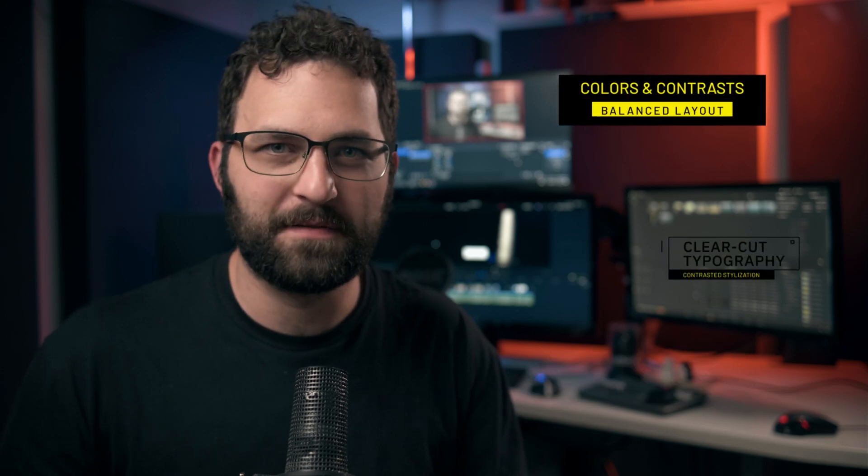Hey everyone, it's Tim from MotionVFX. You asked and we delivered. We finally have a lower thirds pack for DaVinci Resolve.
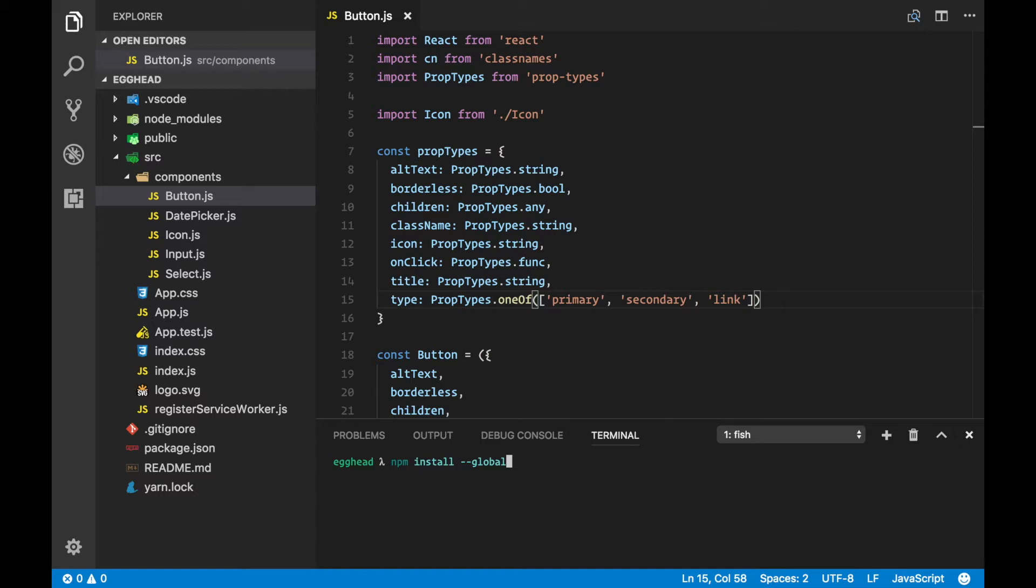In my case, because I'm using Create React App and it comes with Yarn, I'm just going to save it locally with Yarn. Let's install the flow-bin package.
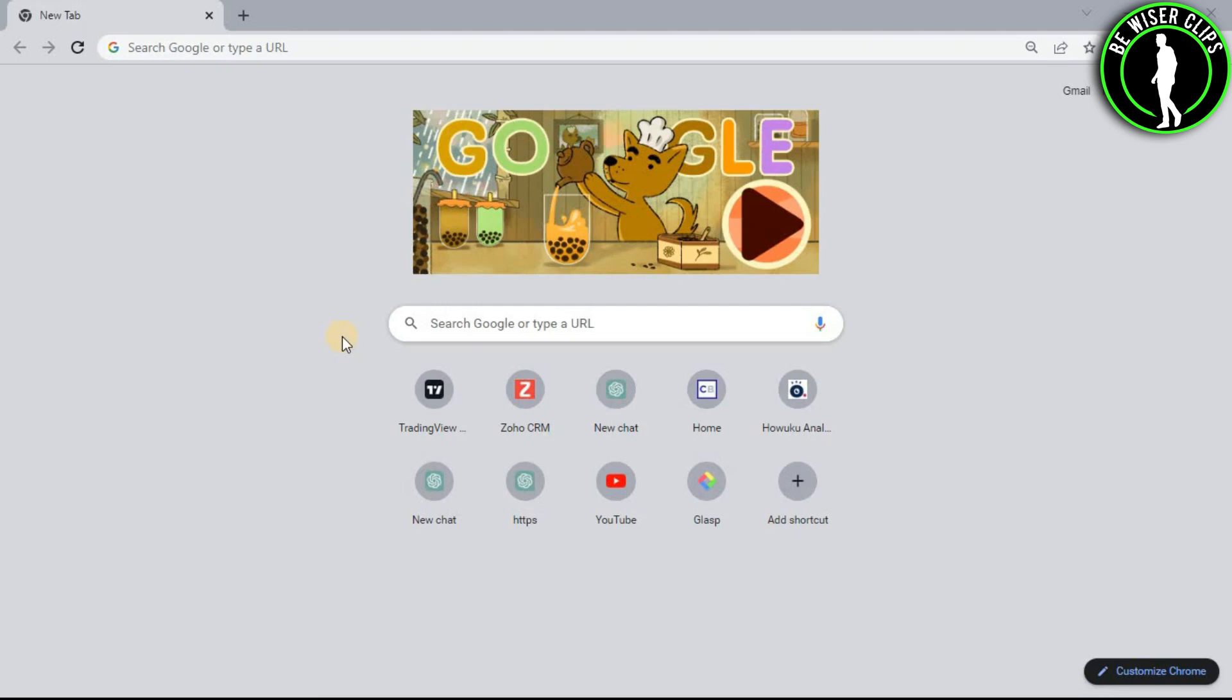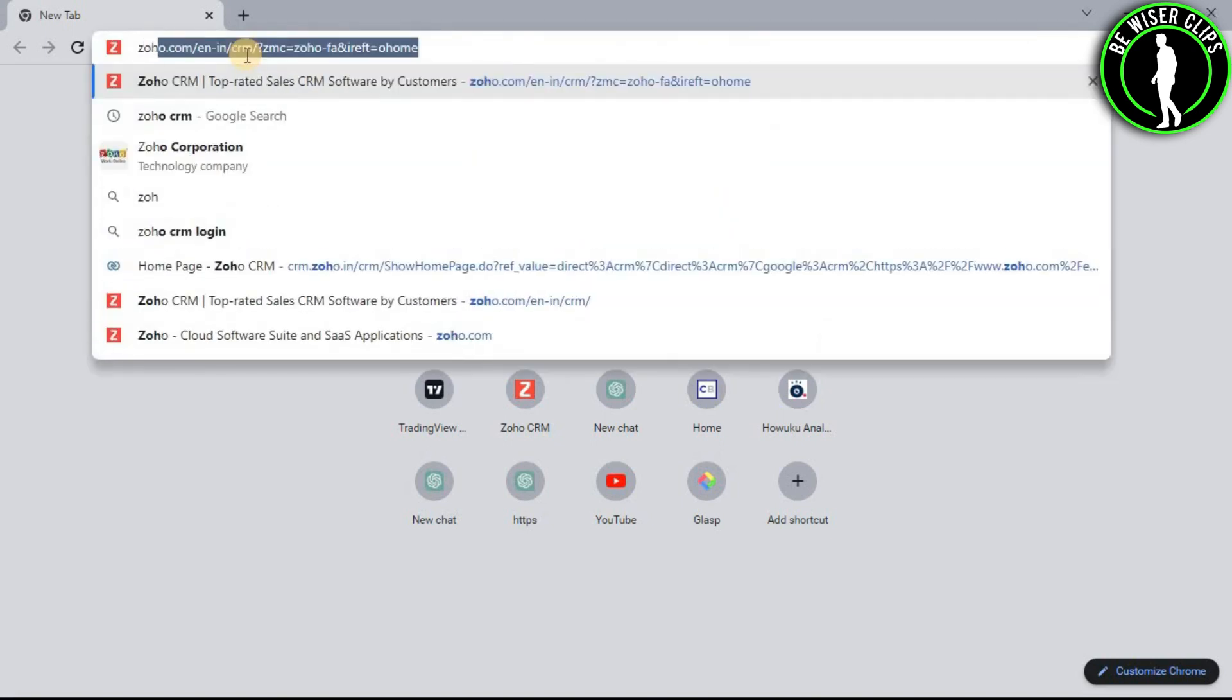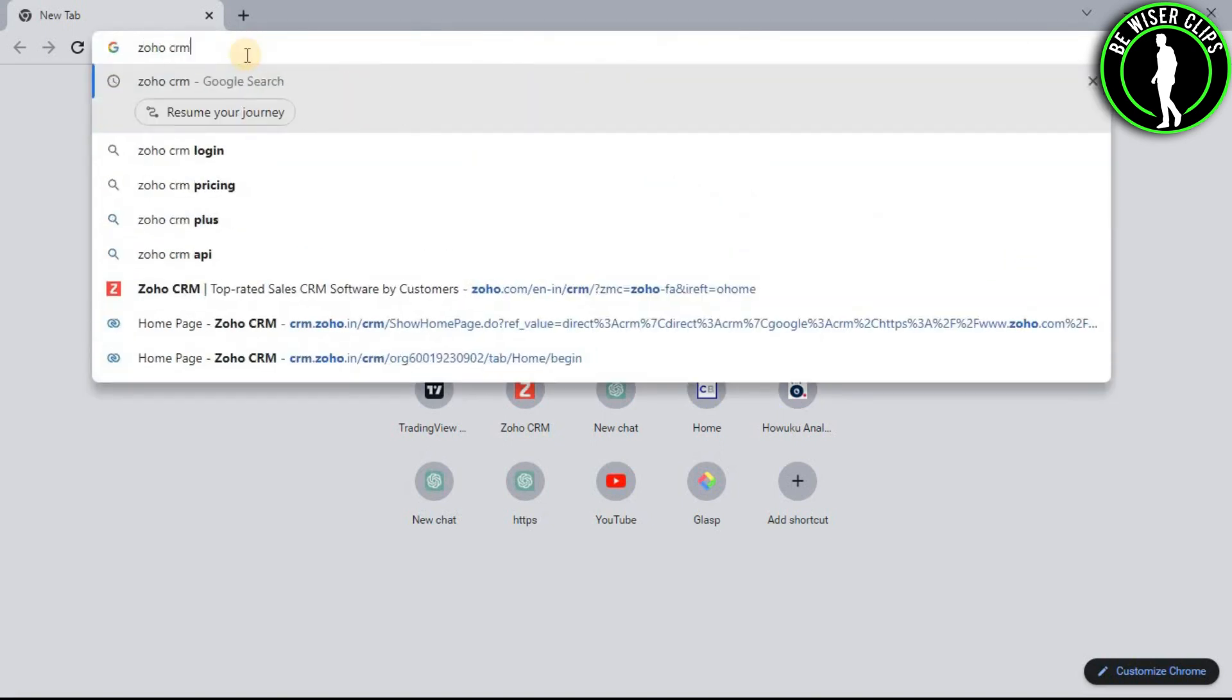So hello guys, in this video I will show you how to add multiple users on your Zoho CRM account. So for that, first of all you will need to open any web browser on your computer and then search Zoho CRM.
# # #
Only the text of the material belongs in your copy, which must match the original exactly.

Hey everyone, it's Tim from MotionVFX. You asked and we delivered. We finally have a lower thirds pack for DaVinci Resolve.
In my case, because I'm using Create React App and it comes with Yarn, I'm just going to save it locally with Yarn. Let's install the flow-bin package.
So hello guys, in this video I will show you how to add multiple users on your Zoho CRM account. So for that, first of all you will need to open any web browser on your computer and then search Zoho CRM.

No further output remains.